Short & sweet today. I’ve been talking with a new on-line music portal www.bandit.fm being pioneered by Sony BMG here in Australia. Downstream are looking at potentially partnering with Sony to help build an audience for their new service.

Now anyone that knows me, knows how much of an Apple fan I am. I think anything Apple touches, generally turns to gold. Apple have successfully become the trail blazer in almost every product category (think iMac, iPhone, iPod, Mac Books of all types and descriptions). They’ve also revolutionised the consumer software market with easy to use intuitive applications (think iPhoto, iMovie, iDVD and before anyone cans me the whole iWork suite, awesome productivity suite for $99! Let’s also not forget iPhone apps – just brilliant way to build and scale your mobile platform).To date no brand really comes close to Apple’s innovation and foresight.

But when it comes to music, I think there is a true challenger that could really take it to them. Sony have developed what I believe is the BEST music site / portal on the market today.

New iTunes killer

New iTunes killer

I think it is the best for the following reasons:

  1. Great content – they’ve developed the site intuitively with a mixture of channels, artist specific pages, video, news feeds etc. You can engage in specific genres like R&B, Hip-Hop, Rock, Pop or you can navigate to specific content rich artist pages like N.E.R.D, John Legend, Duffy etc etc.
  2. Great site build – mixture of indexable HTML & interactive flash elements, URL structures, title tages, H1 tags etc
  3. Downloads are easy after simple registration process
  4. Music & videos are DRM free
  5. Great experience – you can listen to a whole song or view a video in high quality full screen mode vs. Apple’s 30 second preview function
  6. Not constrained by an app like iTunes – you can access it from any browse
  7. Easy content network integration (PPC) into YouTube & Myspace. They are “THE PLACE” to view music related content.
Specific Music Genre Channels

Specific Music Genre Channels

Usher on Bandit.fm

Usher on Bandit.fm

The site will work very, very well for Paid Search / PPC campaigns, the site structure allows you to deep link to exact content as well as being able to achieve great quality scores which impacts highly on economical bid prices and as content is more compelling than iTunes, I believe with a much higher conversion process too.

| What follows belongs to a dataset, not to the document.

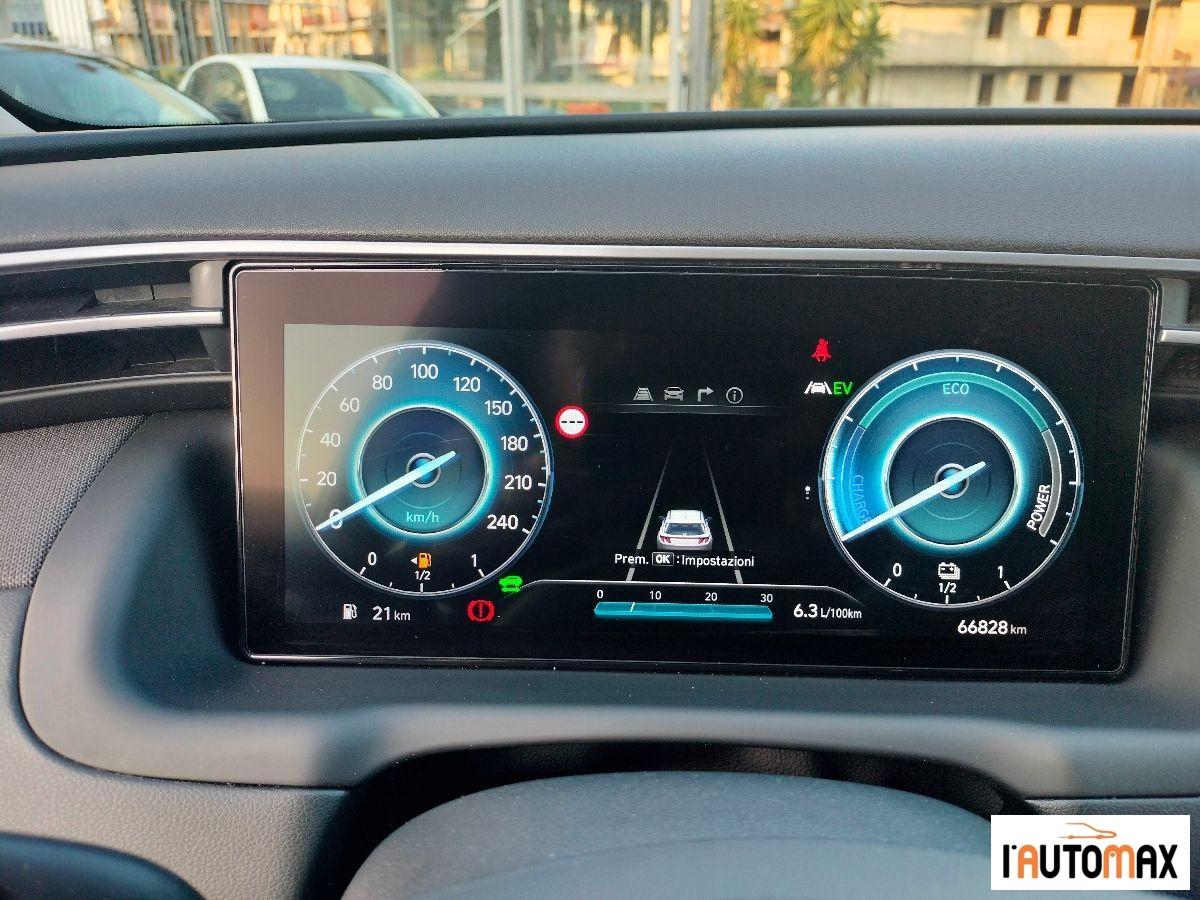HYUNDAI - Tucson 1.6 hev Exellence 2wd auto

The site also has very high potential to work very very well for Social Media, as the site structure let’s consumers be very specific about their Tweets, blog postings etc and create specific interest in genre based content communities. One area they could approve is allowing their content to be aggregated and syndicated on other sites, think embedding audio files or video files to MySpace or Facebook profile pages with pre & post roll Bandit.fm ads promoting their service – very economical way to drive new subscriptions, downloads or cross sell new artists / releases / albums.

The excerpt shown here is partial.